November 06, 2020
Anna Murray
A new global analysis, led by researchers from the School of Public Health in Imperial College London, UK, has correlated the height and body-mass index (BMI) of school-aged children and adolescents from 1985 to 2019 in 200 countries and territories. The study, funded by the Wellcome Trust, AstraZeneca Young Health Programme, European Union, "Height and body-mass index trajectories of school-aged children and adolescents from 1985 to 2019 in 193 countries and territories: a pooled analysis of 2181 population-based studies with 65 million participants" was published November 7 in the journal The Lancet.

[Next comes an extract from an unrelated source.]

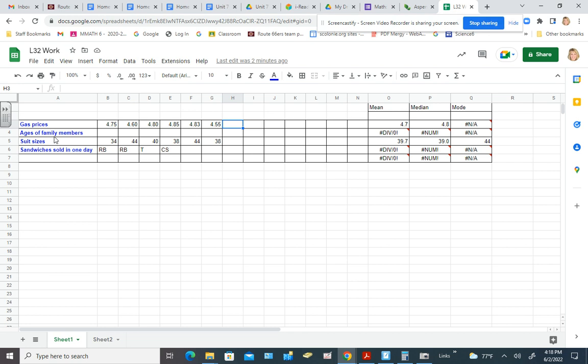How about ages of family members? Now this is a situation where we could easily have an outlier. So let's say we have all the children in the family. So we have a little seven year old. And then we have you as a sixth grader and you're 12.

Consequently, genetics has proven a small role in height and BMI at the population level relative to the nutrition and environment is revealed in the finding. According to the research, inadequate nutrition may have contributed to 19-year-olds in East Africa, Latin America, south and southeastern Asia being the shortest, while those in central and northwestern Europe were the tallest. The major contribution to this phenomenon is the lack of adequate and healthy nutrition and living environment in the school years.
Definitely, the study supports that both height and weight gain are closely linked to the quality of a child’s diet across the world. Poor nutrition in the school years may have set back a 20cm height gap. As the lead author of the study, Dr. Andrea Rodriguez Martinez urged global actions to enable children to grow taller with lifelong benefits for their health and wellbeing.